# EDS 217, Lecture 1: Introduction to Python and Environmental Data Science

- Course Webpage: [https://eds-217-essential-python.github.io](https://eds-217-essential-python.github.io)


![data_science.jpg](assets/data_science.jpg)

![environmental_data_science.jpg](assets/environmental_data_science.jpg)

## Lecture Agenda

1. 🐍 What Python?
1. ❓ Why Python?
1. 💻 How Python?

> "Python is powerful... and fast; 
plays well with others; 
runs everywhere; 
is friendly & easy to learn; 
is Open."

## What is Python?

Python is a *general-purpose, object-oriented programming language* that emphasizes _code readability_ through its generous use of white space. Released in 1989, Python is easy to learn and a favorite of programmers and developers.



### High-level languages 
(Python, C, C++, Java, Javascript, R, Pascal)
- Take less time to write
- Shorter and easier to read
- Portable, meaning that they can run on different kinds of computers with few or no modifications.

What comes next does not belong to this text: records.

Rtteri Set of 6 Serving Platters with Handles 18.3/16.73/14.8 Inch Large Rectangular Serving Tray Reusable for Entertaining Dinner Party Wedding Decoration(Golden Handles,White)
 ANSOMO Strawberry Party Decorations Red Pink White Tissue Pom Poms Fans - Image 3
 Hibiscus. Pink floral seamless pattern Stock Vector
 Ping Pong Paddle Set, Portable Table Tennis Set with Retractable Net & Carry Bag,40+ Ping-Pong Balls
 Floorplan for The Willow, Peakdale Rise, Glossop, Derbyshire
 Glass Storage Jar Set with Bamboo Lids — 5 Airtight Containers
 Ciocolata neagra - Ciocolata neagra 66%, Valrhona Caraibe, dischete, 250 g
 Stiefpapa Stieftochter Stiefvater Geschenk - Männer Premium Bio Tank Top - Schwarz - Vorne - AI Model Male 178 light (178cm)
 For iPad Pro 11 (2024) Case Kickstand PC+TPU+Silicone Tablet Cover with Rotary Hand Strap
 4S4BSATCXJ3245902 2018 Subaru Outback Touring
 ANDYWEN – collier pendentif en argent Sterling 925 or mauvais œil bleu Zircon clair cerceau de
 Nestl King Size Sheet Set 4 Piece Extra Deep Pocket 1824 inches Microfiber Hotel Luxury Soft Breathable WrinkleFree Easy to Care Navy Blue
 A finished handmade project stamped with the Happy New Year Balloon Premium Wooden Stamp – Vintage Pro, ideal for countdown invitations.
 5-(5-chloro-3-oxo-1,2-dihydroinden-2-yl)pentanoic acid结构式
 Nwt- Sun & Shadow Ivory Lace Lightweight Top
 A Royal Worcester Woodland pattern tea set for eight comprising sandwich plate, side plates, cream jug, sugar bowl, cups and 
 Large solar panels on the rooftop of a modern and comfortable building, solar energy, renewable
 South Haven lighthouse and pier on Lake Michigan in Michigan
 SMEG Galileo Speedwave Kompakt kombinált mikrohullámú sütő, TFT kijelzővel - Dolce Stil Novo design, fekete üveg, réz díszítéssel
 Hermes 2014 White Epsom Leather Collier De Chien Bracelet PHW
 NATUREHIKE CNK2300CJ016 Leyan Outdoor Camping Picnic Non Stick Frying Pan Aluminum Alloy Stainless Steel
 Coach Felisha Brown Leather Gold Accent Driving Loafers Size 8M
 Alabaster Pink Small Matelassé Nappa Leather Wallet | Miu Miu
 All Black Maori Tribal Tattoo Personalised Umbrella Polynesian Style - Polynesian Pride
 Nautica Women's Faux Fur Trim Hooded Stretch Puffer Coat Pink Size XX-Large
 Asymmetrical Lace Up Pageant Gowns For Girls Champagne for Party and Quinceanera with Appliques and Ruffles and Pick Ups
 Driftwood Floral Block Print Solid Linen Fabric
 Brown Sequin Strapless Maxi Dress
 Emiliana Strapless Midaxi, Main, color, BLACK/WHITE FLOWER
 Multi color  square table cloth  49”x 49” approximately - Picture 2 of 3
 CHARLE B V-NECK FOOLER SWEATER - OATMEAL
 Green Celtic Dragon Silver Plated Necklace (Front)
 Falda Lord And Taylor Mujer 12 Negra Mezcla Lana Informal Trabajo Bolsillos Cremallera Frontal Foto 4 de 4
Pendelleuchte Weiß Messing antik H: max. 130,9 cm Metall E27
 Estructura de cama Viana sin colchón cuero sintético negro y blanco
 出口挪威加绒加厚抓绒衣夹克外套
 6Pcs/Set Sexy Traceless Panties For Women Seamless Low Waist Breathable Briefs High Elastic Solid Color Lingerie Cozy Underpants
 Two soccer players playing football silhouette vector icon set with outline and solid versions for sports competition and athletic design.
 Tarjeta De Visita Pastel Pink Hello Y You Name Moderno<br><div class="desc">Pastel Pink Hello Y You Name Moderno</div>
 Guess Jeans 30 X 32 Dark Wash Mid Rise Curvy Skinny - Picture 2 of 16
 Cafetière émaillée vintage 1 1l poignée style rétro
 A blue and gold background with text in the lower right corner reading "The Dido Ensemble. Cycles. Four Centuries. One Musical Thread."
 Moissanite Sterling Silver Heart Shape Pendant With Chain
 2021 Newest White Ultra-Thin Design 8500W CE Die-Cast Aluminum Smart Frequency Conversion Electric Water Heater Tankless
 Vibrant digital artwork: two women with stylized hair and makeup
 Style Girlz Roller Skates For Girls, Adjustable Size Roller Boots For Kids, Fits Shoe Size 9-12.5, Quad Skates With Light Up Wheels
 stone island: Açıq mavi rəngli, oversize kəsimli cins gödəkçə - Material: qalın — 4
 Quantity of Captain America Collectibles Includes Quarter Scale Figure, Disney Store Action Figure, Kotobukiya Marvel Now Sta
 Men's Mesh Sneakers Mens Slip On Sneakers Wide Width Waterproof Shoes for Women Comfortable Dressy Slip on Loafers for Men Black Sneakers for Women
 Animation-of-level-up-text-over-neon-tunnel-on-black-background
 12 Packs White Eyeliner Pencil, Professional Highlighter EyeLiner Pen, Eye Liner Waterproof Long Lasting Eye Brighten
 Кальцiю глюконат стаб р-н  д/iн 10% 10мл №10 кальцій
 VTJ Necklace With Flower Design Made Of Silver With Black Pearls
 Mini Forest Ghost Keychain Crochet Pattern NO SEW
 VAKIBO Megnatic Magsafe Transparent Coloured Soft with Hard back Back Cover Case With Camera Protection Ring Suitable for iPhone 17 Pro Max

The engine that translates and runs Python is called the *Python Interpreter*

In [None]:
""" 
Entering code into this notebook cell 
and pressing [SHIFT-ENTER] will cause the 
python interpreter to execute the code
"""
print("Hello world!")
print("[from this notebook cell]")

In [None]:
"""
Alternatively, you can run a 
any python script file (.py file)
so long as it contains valid
python code.
"""
!python hello_world.py

### Natural vs. Formal Languages

*Natural languages* are the languages that people speak. They are not designed (although they are subjected to various degrees of "order") and evolve naturally. 





*Formal languages* are languages that are designed by people for specific applications. 
- Mathematical Notation $E=mc^2$ 
- Chemical Notation: $\text{H}_2\text{O}$


*Programming languages* are **formal languages that have been designed to express computations**.



**Parsing**: The process of figuring out what the structure of a sentence or statement is (in a natural language you do this subconsciously). 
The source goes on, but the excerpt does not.